Franco Basaglia e la legge 180

Mercoledì 16 Giugno 2010

legge 180 e volontarietà dei trattamenti sanitariIl 29 agosto di quest’anno ricorrerà il trentesimo anniversario della morte di Franco Basaglia, psichiatra italiano che dedicò gran parte dei propri studi alla tematica del trattamento sanitario obbligatorio per i soggetti afflitti da malattie mentali, argomento trattato nel corpus della “legge 180/78”, passata ai posteri proprio come “legge Basaglia”.

 

Lo psichiatra veneto, laureato in medicina e chirurgia all’Università di Padova e specializzatosi poi in malattie nervose e mentali, è stato portatore di una rivoluzione di non poco conto nell’ambito dello studio della malattia mentale in Italia, introducendo il concetto di volontarietà dei trattamenti sanitari che, fino alla promulgazione della legge nel 1978, consistevano principalmente in terapie dal carattere strettamente farmacologico, in un contesto in cui il legame empatico tra paziente e medico curante era del tutto inesistente e massiccio era l’utilizzo di rimedi come la camicia di forza e l’elettroshock.

 

Dal 1961, alla guida dell’Ospedale psichiatrico di Gorizia, Basaglia cercò di mettere in pratica i concetti filosofici da lui studiati e adottati come linea d’azione, in ambito filosofico e successivamente pratico: dottrine come il Positivismo, l’Esistenzialismo e la Fenomenologia vengono rielaborati dallo studioso e adattati alla realtà sociale e medica da lui osservata giorno dopo giorno.

 

L’azione di Basaglia si preoccupava di agire soprattutto a livello sociale, e a più livelli: oltre alle evidenti carenze strutturali che affliggevano i manicomi all’epoca, andava combattuta, per lo psichiatra nato a Venezia nel 1924, la concezione che si aveva del malato mentale: concezione che andava a coincidere con la totale negazione dei diritti e delle capacità del paziente di interagire con il medico per giungere alla guarigione, da ottenere esclusivamente attraverso la somministrazione di farmaci.

 

La legge entrata in vigore nel maggio del 1978 comportò la graduale chiusura dei manicomi, considerate all’epoca come delle case di detenzione in cui vigevano metodi spesso violenti, e la loro conversione in cliniche psichiatriche in cui venivano riconosciuti ai pazienti i diritti fondamentali e la possibilità di stabilire un dialogo con il personale medico: al centro del disegno di legge sta il concetto di consenso e partecipazione da parte del paziente rispetto a tutte le terapie che questo si troverà ad affrontare nel corso della degenza ospedaliera, ritenuta obbligatoria solo in caso di interventi terapeutici non rimandabili.

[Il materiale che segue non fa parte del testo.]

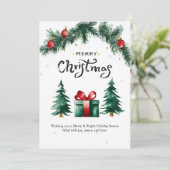 Warm kerstfeest kaart (Staand voorkant)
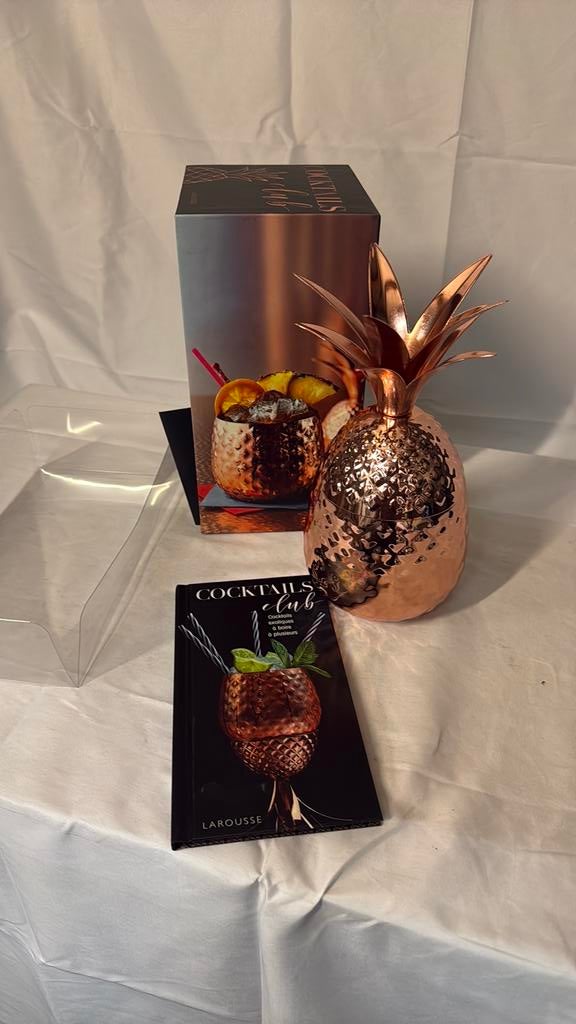 Larousse koperen ananas cocktail shaker., Huis en Inrichting, Overige typen, Ophalen of Verzenden, Nieuw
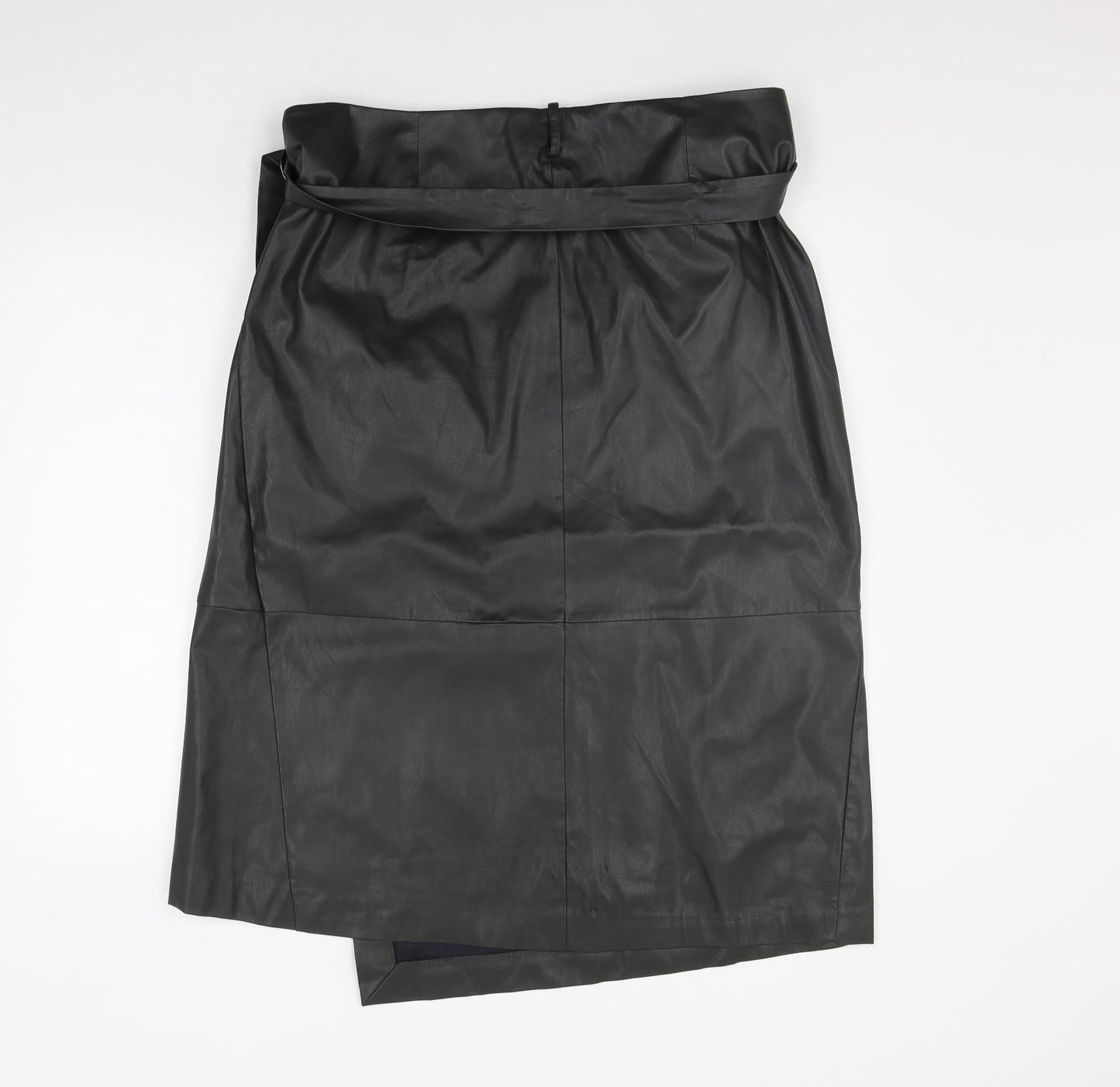 Marks and Spencer Womens Green   A-Line Skirt Size 18  - BELTED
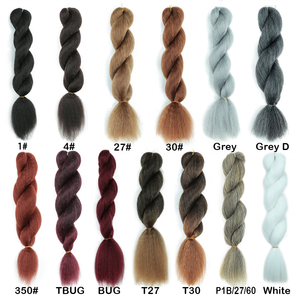 Extensiones de Cabello Afro de 16 Pulgadas al por Mayor, Mechas para <span class=keywords><strong>Trenzas</strong></span>, Fibra de Alta Temperatura, Mezcla Vixen, Cabello Rizado - Product Image 2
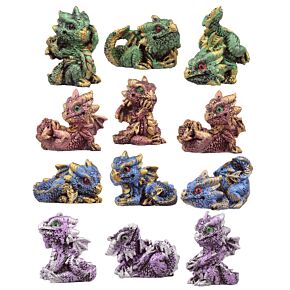 Kristallen Baby Draken Miniatuur Beeldjes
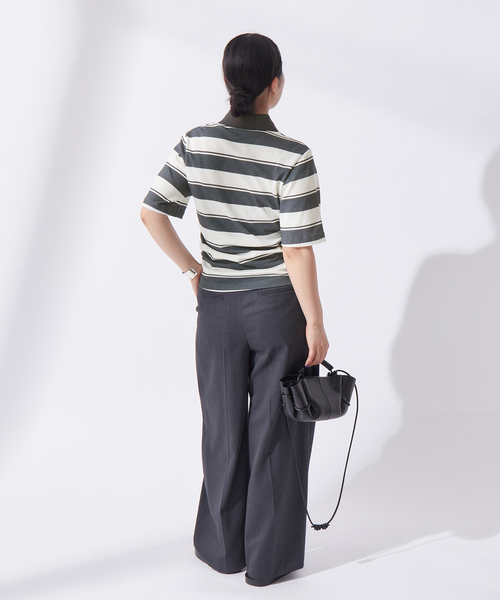 「BAUM UND PFERDGARTEN」 半袖ポロシャツ SMALL ネイビー レディース_画像4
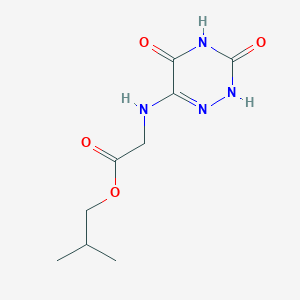 Isobutyl 2-((3,5-dioxo-2,3,4,5-tetrahydro-1,2,4-triazin-6-yl)amino)acetate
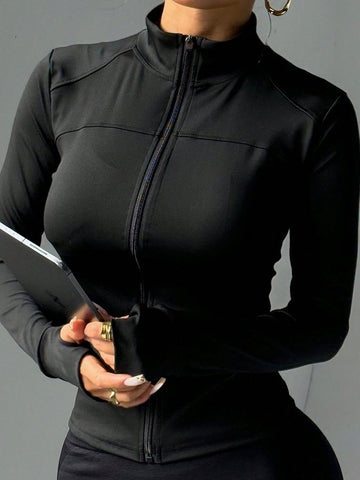 Stretch Moisture-Wicking Athletic Sports Jacket-Multicolor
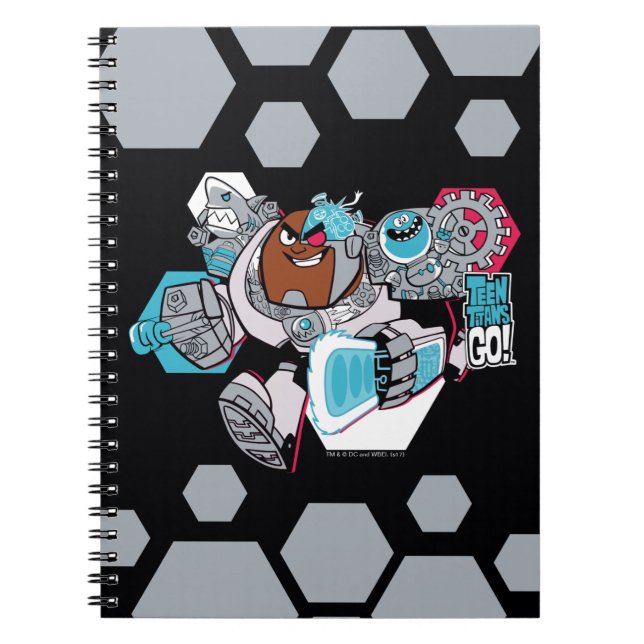 Cuaderno ¡Teen Titans Go! | Gráfico del arsenal de Cyborg (Frente)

La natura retroattiva del provvedimento, come si legge nell’articolo n°8 del disegno di legge, regolava l’atteggiamento da tenere nei confronti di quei pazienti già ricoverati al momento dell’entrata in vigore della legge.

 

Il provvedimento legislativo venne adottato secondo metodi diversi dalle varie regioni, motivo per cui la situazione si dimostrò da subito assai eterogenea: un panorama uniforme si è potuto osservare solo negli ultimi quindici anni, senza escludere, però, che strutture molto simili ai vecchi manicomi possano ancora esistere.